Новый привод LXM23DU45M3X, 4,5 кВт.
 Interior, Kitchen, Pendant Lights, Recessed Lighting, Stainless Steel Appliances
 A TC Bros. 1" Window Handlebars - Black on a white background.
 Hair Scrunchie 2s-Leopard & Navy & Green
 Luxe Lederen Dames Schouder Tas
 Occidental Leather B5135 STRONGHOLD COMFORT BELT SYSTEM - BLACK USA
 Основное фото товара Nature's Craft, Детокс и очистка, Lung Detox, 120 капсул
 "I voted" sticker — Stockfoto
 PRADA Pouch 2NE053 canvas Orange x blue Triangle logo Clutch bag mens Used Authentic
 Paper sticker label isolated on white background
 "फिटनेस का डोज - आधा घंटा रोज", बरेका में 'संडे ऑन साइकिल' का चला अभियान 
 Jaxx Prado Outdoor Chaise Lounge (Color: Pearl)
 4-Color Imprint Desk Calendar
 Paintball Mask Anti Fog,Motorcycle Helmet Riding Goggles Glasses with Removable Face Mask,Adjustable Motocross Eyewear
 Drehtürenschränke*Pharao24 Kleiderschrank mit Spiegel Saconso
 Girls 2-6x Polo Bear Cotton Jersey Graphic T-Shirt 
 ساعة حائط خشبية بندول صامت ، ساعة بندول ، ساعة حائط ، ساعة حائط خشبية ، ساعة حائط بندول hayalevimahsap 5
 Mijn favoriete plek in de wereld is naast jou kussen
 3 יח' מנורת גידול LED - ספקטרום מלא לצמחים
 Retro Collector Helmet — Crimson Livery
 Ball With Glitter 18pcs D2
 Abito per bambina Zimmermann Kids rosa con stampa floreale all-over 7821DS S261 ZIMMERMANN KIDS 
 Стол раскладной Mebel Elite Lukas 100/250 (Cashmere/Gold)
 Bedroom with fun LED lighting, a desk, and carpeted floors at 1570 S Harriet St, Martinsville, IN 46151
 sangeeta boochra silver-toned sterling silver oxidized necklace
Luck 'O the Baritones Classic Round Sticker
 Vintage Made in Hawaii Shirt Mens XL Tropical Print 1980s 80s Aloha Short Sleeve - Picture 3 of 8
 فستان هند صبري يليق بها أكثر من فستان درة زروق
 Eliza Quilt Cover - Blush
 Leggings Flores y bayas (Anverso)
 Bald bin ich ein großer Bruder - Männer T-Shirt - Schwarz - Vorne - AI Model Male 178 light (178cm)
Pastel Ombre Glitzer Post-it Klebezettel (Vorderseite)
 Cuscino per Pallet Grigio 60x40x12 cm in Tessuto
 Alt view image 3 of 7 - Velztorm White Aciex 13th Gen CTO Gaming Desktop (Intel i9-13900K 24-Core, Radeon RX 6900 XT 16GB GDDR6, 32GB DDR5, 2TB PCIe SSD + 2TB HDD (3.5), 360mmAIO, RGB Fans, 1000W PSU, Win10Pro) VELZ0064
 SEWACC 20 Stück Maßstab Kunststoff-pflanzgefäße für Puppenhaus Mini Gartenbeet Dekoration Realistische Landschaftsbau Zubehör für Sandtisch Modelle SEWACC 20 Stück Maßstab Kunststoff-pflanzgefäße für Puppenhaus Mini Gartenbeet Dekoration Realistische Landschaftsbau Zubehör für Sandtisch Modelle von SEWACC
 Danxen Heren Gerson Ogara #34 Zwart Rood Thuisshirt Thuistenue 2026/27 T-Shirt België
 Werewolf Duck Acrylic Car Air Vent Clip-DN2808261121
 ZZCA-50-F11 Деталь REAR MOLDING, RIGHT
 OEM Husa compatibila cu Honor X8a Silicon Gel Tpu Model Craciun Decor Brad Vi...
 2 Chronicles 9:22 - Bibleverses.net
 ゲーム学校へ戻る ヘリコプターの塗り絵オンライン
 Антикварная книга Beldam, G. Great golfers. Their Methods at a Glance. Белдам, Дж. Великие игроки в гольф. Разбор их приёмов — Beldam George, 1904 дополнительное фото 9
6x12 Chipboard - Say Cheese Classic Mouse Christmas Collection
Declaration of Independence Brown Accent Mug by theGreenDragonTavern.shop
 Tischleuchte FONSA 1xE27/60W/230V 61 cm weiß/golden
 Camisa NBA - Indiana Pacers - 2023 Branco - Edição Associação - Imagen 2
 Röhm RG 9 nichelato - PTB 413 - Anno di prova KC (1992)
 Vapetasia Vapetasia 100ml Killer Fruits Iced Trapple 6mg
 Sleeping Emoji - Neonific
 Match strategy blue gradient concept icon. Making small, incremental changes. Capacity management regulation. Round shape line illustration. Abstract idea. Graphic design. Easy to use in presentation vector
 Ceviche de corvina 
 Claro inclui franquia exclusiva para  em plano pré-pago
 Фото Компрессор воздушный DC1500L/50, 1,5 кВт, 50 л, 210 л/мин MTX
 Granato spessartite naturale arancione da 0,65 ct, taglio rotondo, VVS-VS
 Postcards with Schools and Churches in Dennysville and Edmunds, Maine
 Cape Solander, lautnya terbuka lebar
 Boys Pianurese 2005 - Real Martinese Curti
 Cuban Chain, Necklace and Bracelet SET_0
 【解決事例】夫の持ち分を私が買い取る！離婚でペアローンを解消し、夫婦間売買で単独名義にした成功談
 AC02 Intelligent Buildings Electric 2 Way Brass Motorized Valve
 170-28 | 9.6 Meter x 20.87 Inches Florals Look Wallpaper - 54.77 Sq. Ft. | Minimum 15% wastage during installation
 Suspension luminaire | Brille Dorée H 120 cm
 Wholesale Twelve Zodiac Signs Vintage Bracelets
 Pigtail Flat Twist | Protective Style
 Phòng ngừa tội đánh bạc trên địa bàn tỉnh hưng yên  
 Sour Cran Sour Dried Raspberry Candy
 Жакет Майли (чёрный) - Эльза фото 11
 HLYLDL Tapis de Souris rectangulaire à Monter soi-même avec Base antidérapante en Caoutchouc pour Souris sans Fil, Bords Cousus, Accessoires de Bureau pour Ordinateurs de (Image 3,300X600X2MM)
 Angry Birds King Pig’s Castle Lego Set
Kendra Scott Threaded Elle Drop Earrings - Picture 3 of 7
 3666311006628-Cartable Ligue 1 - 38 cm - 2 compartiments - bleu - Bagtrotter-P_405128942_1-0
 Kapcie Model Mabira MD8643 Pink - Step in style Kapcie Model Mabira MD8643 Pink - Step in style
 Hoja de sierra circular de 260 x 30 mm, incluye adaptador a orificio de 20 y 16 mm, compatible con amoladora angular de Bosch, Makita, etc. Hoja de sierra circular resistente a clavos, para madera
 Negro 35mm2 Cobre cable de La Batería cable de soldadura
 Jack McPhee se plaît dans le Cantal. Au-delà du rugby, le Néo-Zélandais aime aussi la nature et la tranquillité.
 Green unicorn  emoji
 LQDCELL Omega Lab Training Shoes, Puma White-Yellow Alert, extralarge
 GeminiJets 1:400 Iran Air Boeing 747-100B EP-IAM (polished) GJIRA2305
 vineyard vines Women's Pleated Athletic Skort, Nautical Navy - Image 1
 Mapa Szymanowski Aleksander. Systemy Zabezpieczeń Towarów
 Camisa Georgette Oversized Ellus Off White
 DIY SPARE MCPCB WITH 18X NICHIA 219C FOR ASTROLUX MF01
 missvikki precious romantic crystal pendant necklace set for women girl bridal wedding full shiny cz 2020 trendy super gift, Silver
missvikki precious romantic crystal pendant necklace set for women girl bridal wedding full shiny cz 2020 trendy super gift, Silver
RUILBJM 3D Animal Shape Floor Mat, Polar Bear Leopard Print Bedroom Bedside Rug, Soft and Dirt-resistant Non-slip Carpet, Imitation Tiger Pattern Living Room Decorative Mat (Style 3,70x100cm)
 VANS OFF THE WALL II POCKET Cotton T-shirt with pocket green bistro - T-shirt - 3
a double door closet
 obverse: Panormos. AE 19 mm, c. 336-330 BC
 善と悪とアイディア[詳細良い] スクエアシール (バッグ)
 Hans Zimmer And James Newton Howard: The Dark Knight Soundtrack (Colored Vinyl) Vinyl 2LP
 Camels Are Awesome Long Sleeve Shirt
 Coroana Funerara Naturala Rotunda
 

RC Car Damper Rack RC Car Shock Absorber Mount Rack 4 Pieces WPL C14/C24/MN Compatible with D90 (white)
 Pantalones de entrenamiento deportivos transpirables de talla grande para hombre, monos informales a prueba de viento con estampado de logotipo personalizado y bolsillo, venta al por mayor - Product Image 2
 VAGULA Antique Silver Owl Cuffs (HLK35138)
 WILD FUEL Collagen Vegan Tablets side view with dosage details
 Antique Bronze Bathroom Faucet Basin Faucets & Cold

= = = =

Requirement: Output exactly the lines from the one containing "Coroana Funerara Naturala Rotunda" through the last line of the entries, both ends included.

Answer:
 Coroana Funerara Naturala Rotunda
 

RC Car Damper Rack RC Car Shock Absorber Mount Rack 4 Pieces WPL C14/C24/MN Compatible with D90 (white)
 Pantalones de entrenamiento deportivos transpirables de talla grande para hombre, monos informales a prueba de viento con estampado de logotipo personalizado y bolsillo, venta al por mayor - Product Image 2
 VAGULA Antique Silver Owl Cuffs (HLK35138)
 WILD FUEL Collagen Vegan Tablets side view with dosage details
 Antique Bronze Bathroom Faucet Basin Faucets & Cold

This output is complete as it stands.